A text file containing stopwords is loaded from the file system. The file is read into the script and converted into a list. Additional stopwords, punctuation marks, or special characters can be added to the list as needed.
# Load a list of danish stopwords from a text file
sw_file = 'adl_dataset_stopwords.txt'
with open(sw_file, 'r', encoding='utf-8') as f:
stop_words = f.read().split()
# Add additional stopwords
stop_words.extend(['_', '/', "'"])
# Define a function to remove stopwords from the text
def remove_stopwords(clean_text):
# Change text to wordlist
tokens = clean_text.split()
tokens_wo_stopwords = [i for i in tokens if i.lower() not in stop_words]
clean_text_wo_stopwords = ' '.join(tokens_wo_stopwords)
return clean_text_wo_stopwords
# Apply the stopword removal function
df['clean_text_wo_stopwords'] = df['clean_text'].apply( lambda x : remove_stopwords(x))
Collocation#
This section performs collocation analysis to identify words that frequently appear near specific keywords in the corpus. Collocations are words that tend to co-occur with your target keywords, and it is a helpfull method to reveal semantic patterns, themes, and linguistic relationships in the text.
# Define keywords for collocation analysis
keywords = ['fader', 'moder', 'barn']
in_data_list = ' '.join(df['clean_text_wo_stopwords']).split()
# Initialize a dictionary to count keyword proximities
keyword_proximity_counts = {keyword: Counter() for keyword in keywords}
window_size = 10
# Count the proximity of words around each keyword
for i, token in enumerate(in_data_list):
if token in keywords:
# Define the window around the keyword
start = max(0, i - window_size)
end = min(len(in_data_list), i + window_size + 1)
# Count terms in the window, excluding the keyword itself
for j in range(start, end):
if j != i:
keyword_proximity_counts[token][in_data_list[j]] += 1
# Filter out terms with low counts
filtered_keyword_proximity_counts = {
keyword: Counter({term: count for term, count in counts.items() if count >= 80})
for keyword, counts in keyword_proximity_counts.items()}
Visualise the collocations#
The content of the variable filtered_keyword_proximity_counts shows the different keywords together with their collocations.

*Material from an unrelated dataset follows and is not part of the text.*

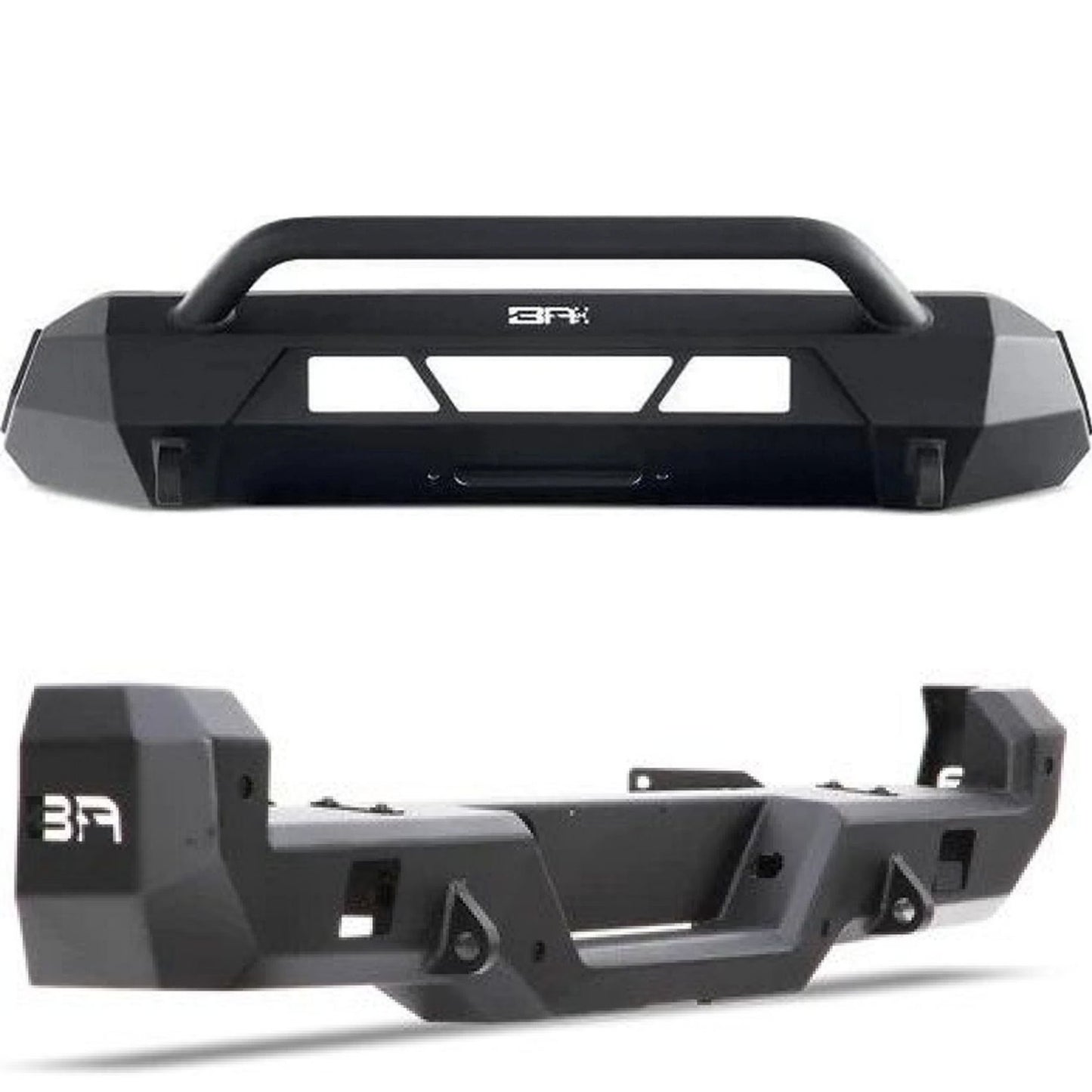 2016-2023 TOYOTA TACOMA BODY ARMOR 4X4 BUMPERS SET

These collocations are the results after stopwords have been removed and a window size of 10 has been defined. To make the data easier to interpret, matplotlib is used to visualise the collocations with bar plots.
# Convert each group's Counter to a DataFrame
dfs = []
for keyword, counter in filtered_keyword_proximity_counts.items():
df = pd.DataFrame(counter.items(), columns=['Word', 'Frequency'])
df['Keyword_Group'] = keyword
dfs.append(df)
# Concatenate all dataframes
all_data = pd.concat(dfs, ignore_index=True)
# Create individual bar charts for each keyword group
for keyword in filtered_keyword_proximity_counts.keys():
df_subset = all_data[all_data['Keyword_Group'] == keyword]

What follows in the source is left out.